Back when edx-platform was the only code running, the Ansible playbooks in the configuration repo were manageable, though still not necessarily easy to understand. As edX has invested in microservices, the configuration repo has grown to support the configuration of all of them. As patterns emerged shared concerns were pulled out into unversioned shared roles making it hard to change without impacting all apps or wiring configurable toggles throughout much of the shared space.

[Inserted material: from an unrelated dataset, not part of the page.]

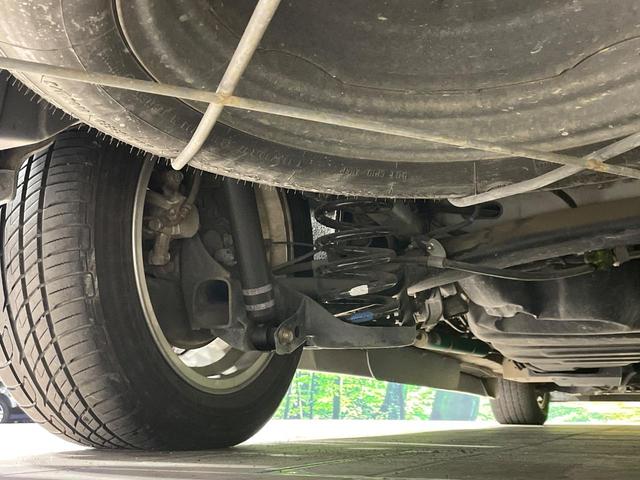 ヴェルファイア ２．４Ｖ　サンルーフ　両側電動スライドドア　後席モニター　純正ナビ　バックカメラ　コーナーセンサー　スマートキー　ＨＩＤヘッド　ＥＴＣ　クルコン　オートライト　パワーシート　デュアルエアコン　プライバシーガラス（22枚目）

The end result is that the configuration repo has grown into a sprawling codebase that attempts to be everything for everyone trying to configure servers to run Open edX installations. There are a wide variety of roles, plays, and utility scripts with branching paths within each to support being executed against different base operating systems and many various configurable operational needs. None of this is helped by the fact that edX.org operates at a scale that most installations do not. With a mix of edX.org specific code, branching paths that are not regularly tested, and the high amount of required understanding around how all the pieces interact to change any of it, this approach to operating is a clear source of friction for developing and running the platform. Nothing proves this point more than the fact that the edx-platform README now explicitly warns users to leave it to the professionals.

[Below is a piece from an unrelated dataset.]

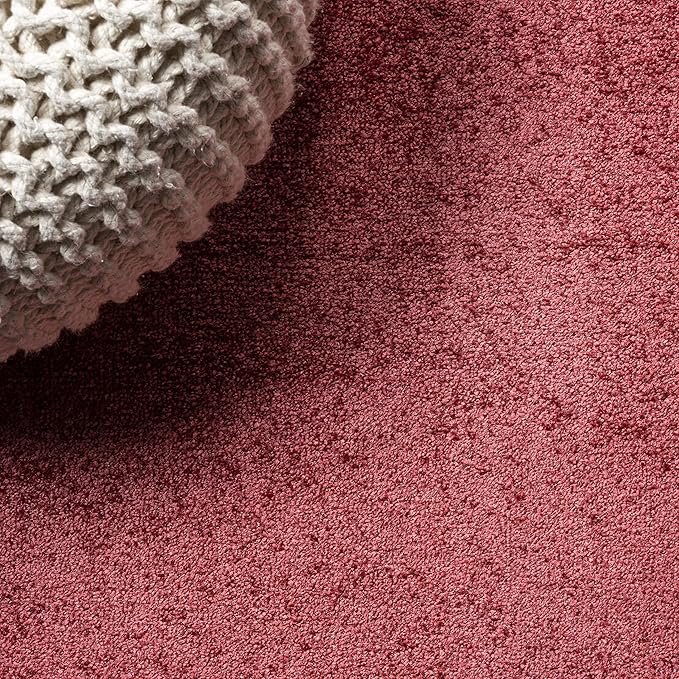 Eyely UES100E-5R Haze Solid Low-Pile Red 5' Round Area Rug, Pet Friendly, Stain Resistant, Easy Cleaning, for Bedroom, Living Room, Kitchen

Installing and running an Open edX instance is not simple. We strongly recommend that you use a service provider to run the software for you.

The proposal below outlines how we can create a cleaner, more intuitive interface for operating Open edX and in doing so help both edX.org and the Open edX community at large achieve better outcome at a faster pace. In brief it is:

  • Use Dockerfiles to capture system dependencies and operate the resulting images in all environments.

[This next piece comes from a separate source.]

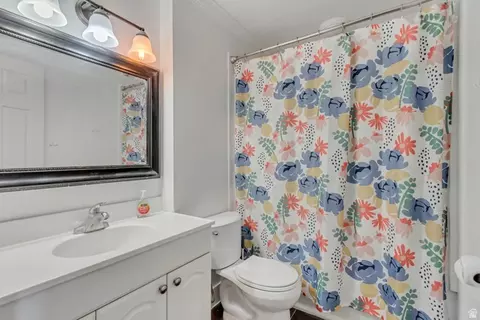 360 E Center St, Centerville, UT 84014 photo 31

  • Simplify and standardize how to configure an IDA.

  • Document standard operations.

Containers

Why Containers

For managing microservice architectures containers are an industry standard for the following reasons:

  • Increased portability. Run on any host OS that supports containers.

  • Greater efficiency. Ability to safely run multiple containers on the same hardware allows cost savings through efficient use of resources.

  • Improved security. Containers improve the default level of security by isolating applications from the host system and from each other.

  • Improved application development. Allows developers to run a more production-like environment locally, preventing discrepancies between environments.

  • Speed. Start, create, replicate or destroy containers in seconds. Increases velocity for development, deployment, and production operations.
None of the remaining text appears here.